Using saltwater for treating respiratory and throat infections are common. However, there are double reviews on using salt water gargles for coronavirus. Some people believe that gargling could kill the virus and help to recover but it has no scientific proof. A team of scientists from the University of Edinburgh is all set to study whether or not these two share a relation.
Salt gargles are a common home remedy for cough and cold. Although its efficacy on reducing throat infection has some medical value, suggesting the similar for coronavirus symptoms. The new deadly coronavirus that spreads through the airways. So there is a high chance that warm water’s gargles can reduce the severity of symptoms. However, there is limited information to predict if salt water gargles kill coronavirus or not.
Researchers from the University of Edinburgh are encouraging people to participate in a new study to determine the efficacy of salt water gargles. There is a possibility that the salt water can initiate the body’s natural immune system and kill the virus.
This study is a part of the efforts that the researchers are making in order to understand the virus. The treatment of the coronavirus still remains a grey area for medical partitionists as there is no medicine for it available. All they have is to advise paracetamol and ibuprofen to people with coronavirus symptoms.
For severe patients, doctors are using a variety of treatments while struggling to save their lives. Right now, NHS advises two medicines one is dexamethasone, a steroid and second is remdesivir, a medicine for Ebola for COVID-19 patients. However, none of them is able to provide 100% results.

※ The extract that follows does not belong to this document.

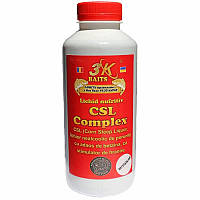 Кукурузный ликёр 3K BAITS CSL Complex 0.5л (3k12501) CP, код: 6834586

The Edinburgh research team now wants to know if the popular salt water gargles kill coronavirus or not. Or if not kill, can it reduce the symptoms and spread of the viral particles inside the body or not.
This new idea of research is taken from many respiratory infections based on researches which include cough and cold and symptoms. A large number of people use these salt water gargles to ease cold and cough while suffering from these respiratory illnesses. The gargles also help to control the viral transmission to other people, around the infected person.
The original research idea of this Edinburgh researchers was studying another strain of the coronavirus. As salt can induce and improve the body’s immune response, there is a high chance that it could do the same against this novel coronavirus.
Salt is toxic for most of the respiratory viruses. It also naturally stimulates the immune system while the body already suffers from the virus. It created a new chemical called namely hypochlorous acid that has anti-viral properties. This is the same chemical that is inside bleaches for giving them an antibacterial and antiviral effect.
Aziz Sheikh from the Usher Institute Edinburgh University says that his team is all set to start the trial within a few days in confirmed coronavirus patients. He is hopeful that this simple remedy would be helpful to reduce the severity of the COVID-19 symptoms.
Salt water requires only salt, warm water, and a stirrer. If this simplest remedy could help in coronavirus disease progression, it may be the cheapest coronavirus treatment. Before the trials, it is hard to say if salt water gargles kill coronavirus or they are only effective in common cold.
Note- The study is open for the people from Scotland diagnosed with coronavirus.